SEOUL, March 1 (Korea Bizwire) — Vowing for carbon neutrality by 2050, the steel industry is scrambling to develop hydrogen reduction iron and steel production technology.
POSCO, the world’s fifth-largest steelmaker by output, recently joined hands with Hyundai Motor Group to develop steel production technology that uses hydrogen instead of coal to produce iron.
The technology uses hydrogen as a reducing agent to separate oxygen from iron ore, leaving behind water and iron.
Currently, steelmakers use carbon monoxide, gas created from burning coal, as a reducing agent to produce iron.
Putting iron ore and coal into a furnace and melting them at a temperature of more than 1,500 degrees Celsius produces carbon monoxide, which separates oxygen from the iron ore. This process, however, also emits carbon dioxide.

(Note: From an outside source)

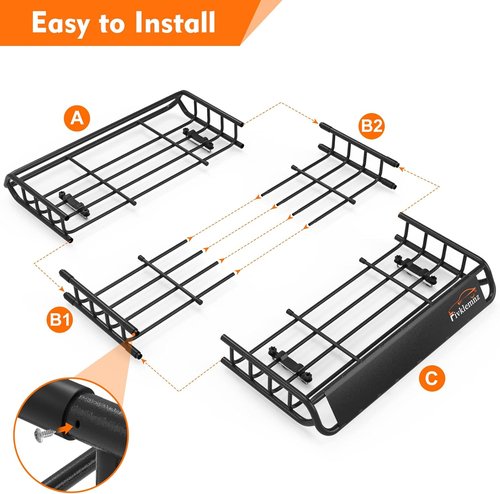 FIVKLEMNZ Rooftop Cargo Carrier - Waterproof Roof Bag for All Vehicles | Includes Anti-Slip Mat & Straps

This is the primary reason why the steelmaking industry is one of the largest emitters of greenhouse gases. POSCO accounts for as much as 70 percent of all carbon emissions from the South Korean steel industry.

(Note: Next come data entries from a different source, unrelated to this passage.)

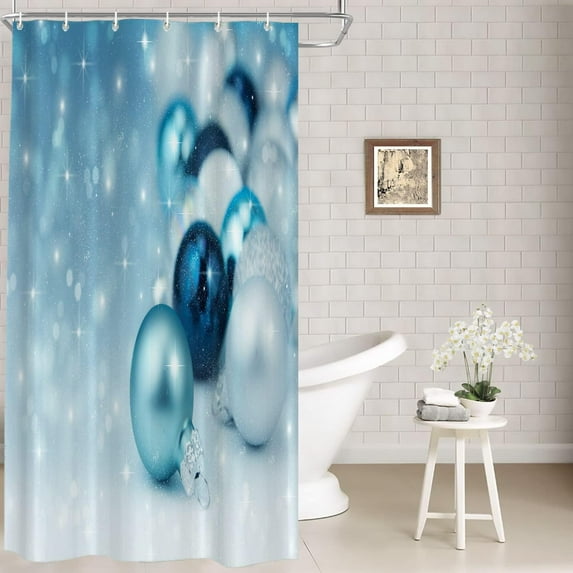 Blue White Ball Decor Shower Curtain, Merry Christmas Snow Colorful Baubles Bathroom Decor Polyester Fiber Plastic Rings Quick-Drying Waterproof for Bathtubs/Bathroom, 72x36 inches
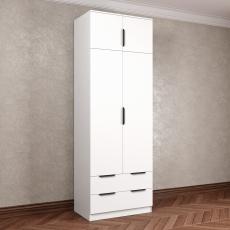 Двухстворчатый шкаф с ящиками цвета вена белый матовый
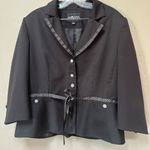 Sag Harbor Vintage Women’s Plus Size  Black Floral Polka Dot Blazer Jacket Sz 18 Photo 14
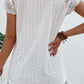 White Sheer Lace Short Sleeves Eyelet Embroidered Tee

The new hydrogen reduction technology will replace all traditional furnaces at steel plants with fluidized reduction furnaces. The reduced iron produced from these furnaces is melted down in an electric furnace to create various steel products.
This, however, requires a massive external supply of electricity.
“Renewable energy such as solar and wind power are crucial in producing green hydrogen,” POSCO said. “Countries incapable of producing green hydrogen will have no choice but to rely on foreign imports.”